Adjust Your Expectations

Don’t expect perfection. Give everyone time to adjust. One child may not immediately take to another, but given time they can find a way to live in harmony. Your child may not like your spouse as much as you had hoped. Some children may become concerned about your former addiction. Again, don’t panic, with some time and some work things can turn around. The important thing is, you shouldn’t push.

Agree and Work Together as A Couple

Both parents have to come to an agreement about discipline and important decisions. Never undermine each others authority. Listen to one another and come up with a plan that both partners agree on. Make sure that your partner ALWAYS supports you in recovery, and pushes you forward without kicking you down. This is not only crucial for recovery, but also for your marriage.

Never Speak Poorly About An Ex

It’s also wise to never make the children feel that they have to pick a side. When you speak poorly about their other parent, they may automatically dislike your new partner out of loyalty to their parents. This triples in cases where the separation may have come as fault of your addiction. This can be hard for everyone in the family, but owning up and growing from it is how you must continue through recovery. If you can maintain a cordial relationship with your new spouse’s, ex, the entire family will benefit. You don’t have to be best friends, but keep in mind that you are all on the same page.

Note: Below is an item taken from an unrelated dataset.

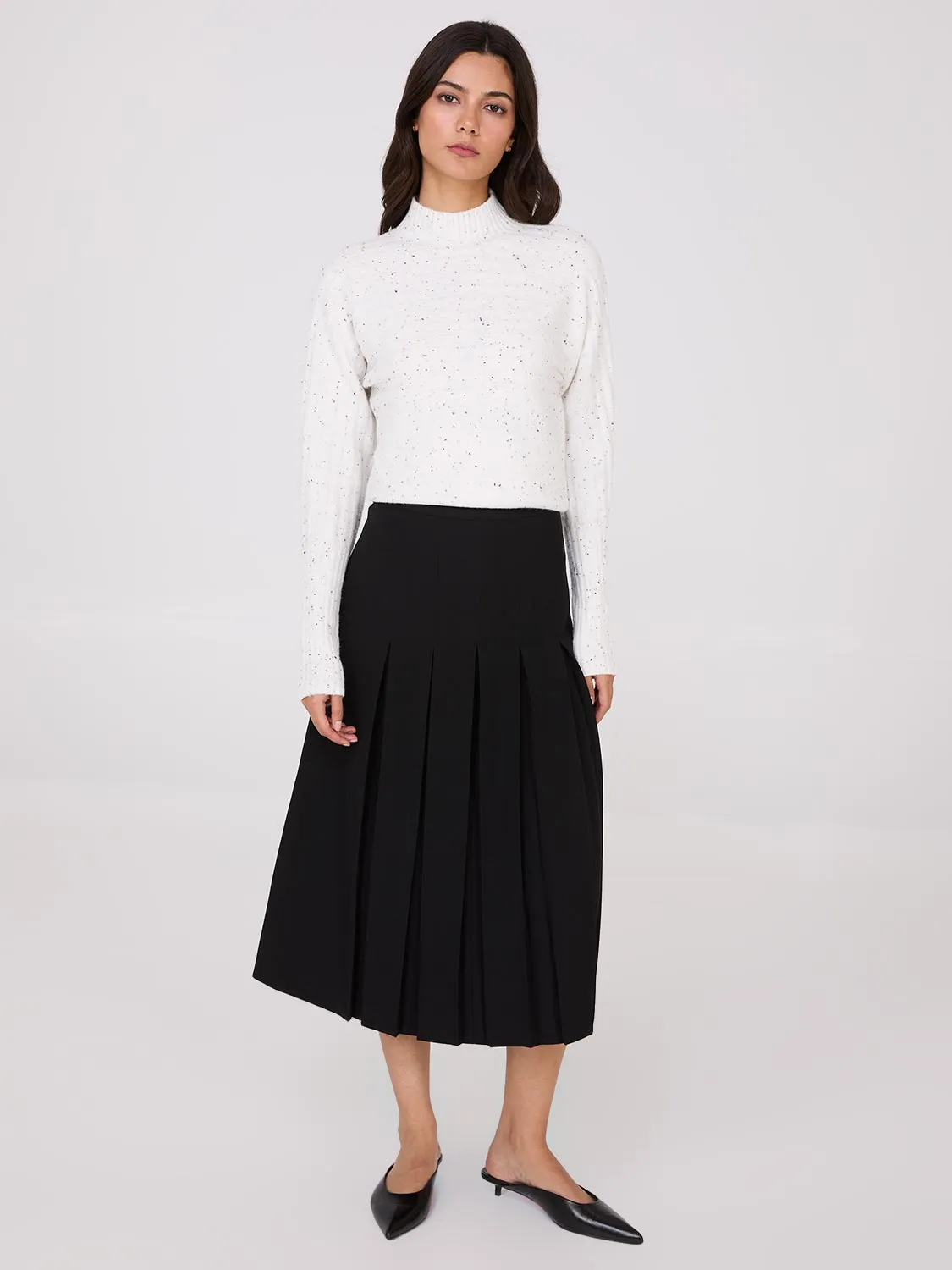 Box Pleat Midi Skirt Quiet Style Editorial Look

Be United and Open in Making Decisions

Planning together as a family and allowing everyone to have open dialogue is crucial. This is true whether your family is blended or not. As your children grow to know you and the family dynamic, it’s important to hear what they are feeling and what solutions they may have. Family planning in our modern-day requires a bit more forward planning and thought on everyone’s part than it might have in the past. Everyone’s opinion matters and is needed. Sitting down and making thorough family plans and meetings is crucial. For example, when planning a family vacation, sitting down and discussing which locations to look into, can take time and adjustment, but it’ll be worth every minute. There are definitely resources out there to help get your family on the right track. You all want what is best for the children, and sometimes in recovery, you have to try twice as hard, stepparent or not. Parents and stepparents who can get along will go a long way in creating happy, well-balanced children that you want.

Spend Time With Your Stepchildren

Spend time with your stepchildren. Get to know them. Do something that they enjoy. They may not show it right away, but they will appreciate the effort. Let them in, help them know that you are in recovery and trying your best.

While you and your new spouse spent time together and choose one another, your kids didn’t fall in love with and choose this person. This is all new to them, they may need a bit of time to adjust. This is especially true if the children had hoped that you and your ex would get back together. If you and your ex have been apart for a long while and your child is used to having you all to him or herself, they may also feel that they are losing you to a new family.

Keep Your Sense of Humor

Keep your sense of humor. Don’t be angry that things aren’t going exactly how you envisioned. Do your best to make home a fun and loving place. The children will come around. Even when the kids seem to reject the idea of being a family, keep trying, keep smiling and above all, keep loving.

As an adult, it’s up to you to bring everyone together. The best way to do this is through patience, dedication, love and togetherness. Being in recovery, you know what being broken feels like, and the joy that comes with feeling together. Things will improve and soon you’ll wonder why you were ever worried or concerned. When there is love in a family, things often have a way of working out. It might just take a little bit of time.